_Work required:_
Starting with the line that has "Lulu’s Sweet Swiss" in the records below and stopping after the line that has "Hırvatistan 'daki Plitvice", output every line exactly and nothing else; skip pictures.

_Extracted data:_
----------
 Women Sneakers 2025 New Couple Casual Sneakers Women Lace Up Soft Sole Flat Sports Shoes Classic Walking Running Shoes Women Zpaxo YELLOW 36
----------
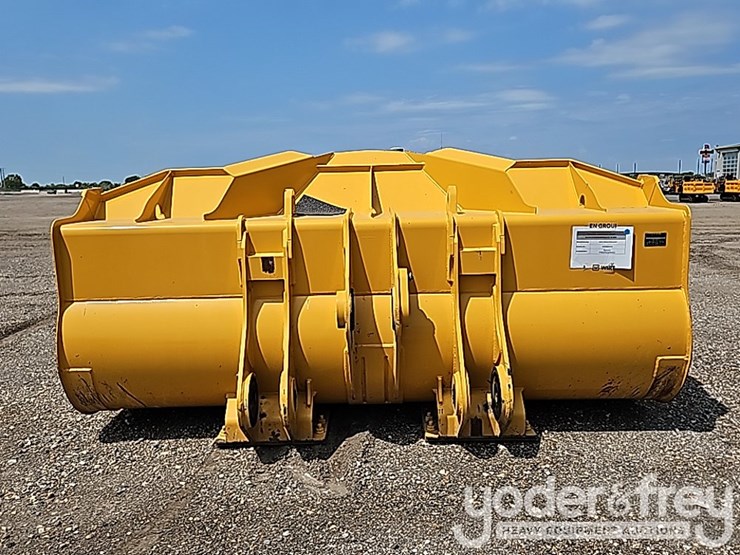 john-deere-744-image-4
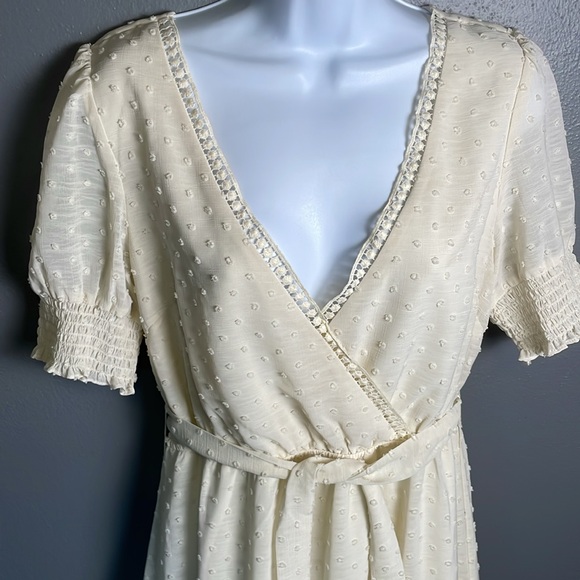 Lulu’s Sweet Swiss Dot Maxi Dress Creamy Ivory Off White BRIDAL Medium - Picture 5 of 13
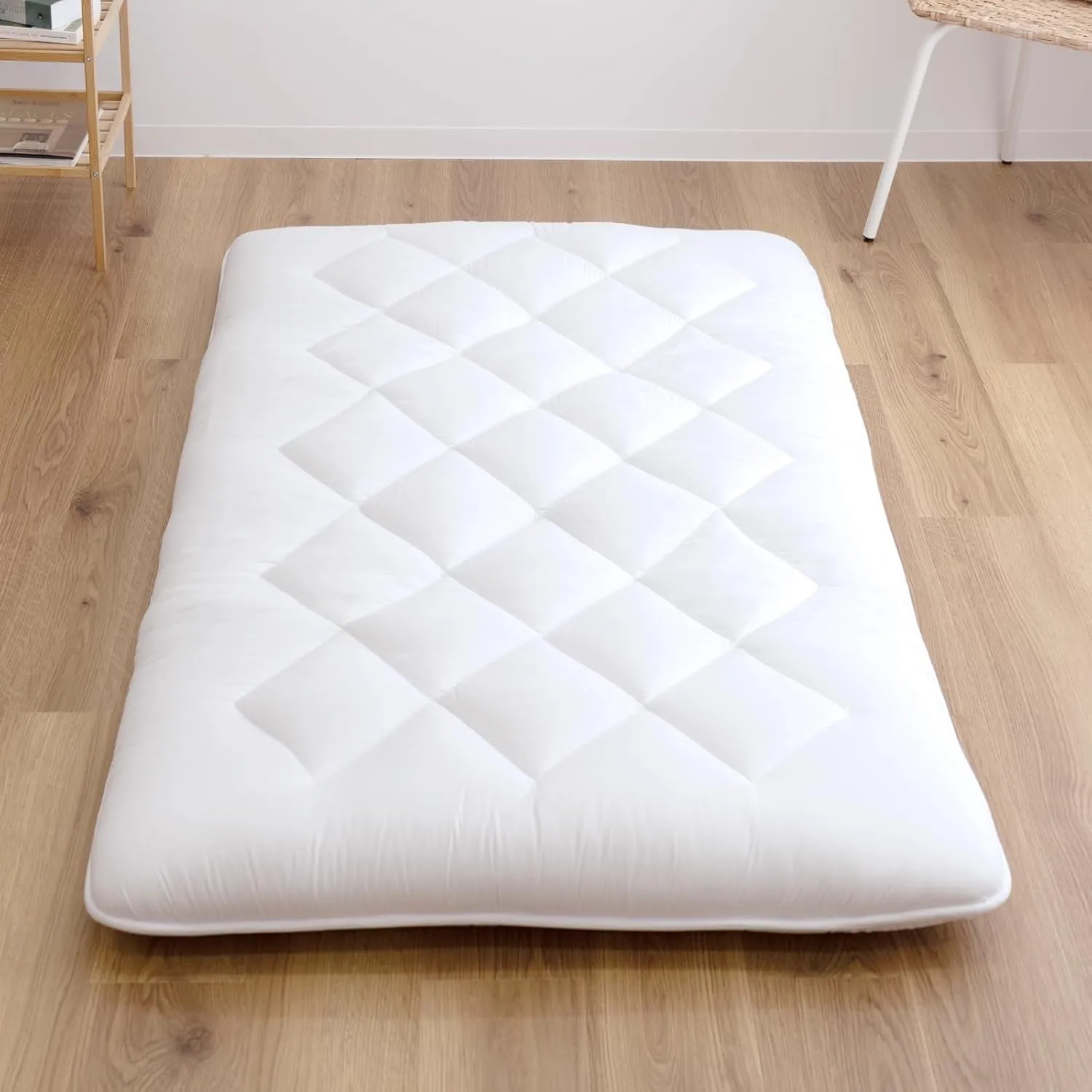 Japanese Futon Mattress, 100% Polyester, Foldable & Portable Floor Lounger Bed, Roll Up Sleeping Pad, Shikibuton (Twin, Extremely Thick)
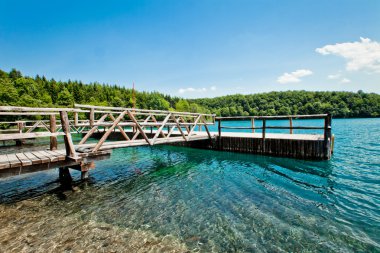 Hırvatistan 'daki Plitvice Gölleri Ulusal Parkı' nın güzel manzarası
----------
_Reply to the task:_
 Lulu’s Sweet Swiss Dot Maxi Dress Creamy Ivory Off White BRIDAL Medium - Picture 5 of 13
 Japanese Futon Mattress, 100% Polyester, Foldable & Portable Floor Lounger Bed, Roll Up Sleeping Pad, Shikibuton (Twin, Extremely Thick)
 Hırvatistan 'daki Plitvice Gölleri Ulusal Parkı' nın güzel manzarası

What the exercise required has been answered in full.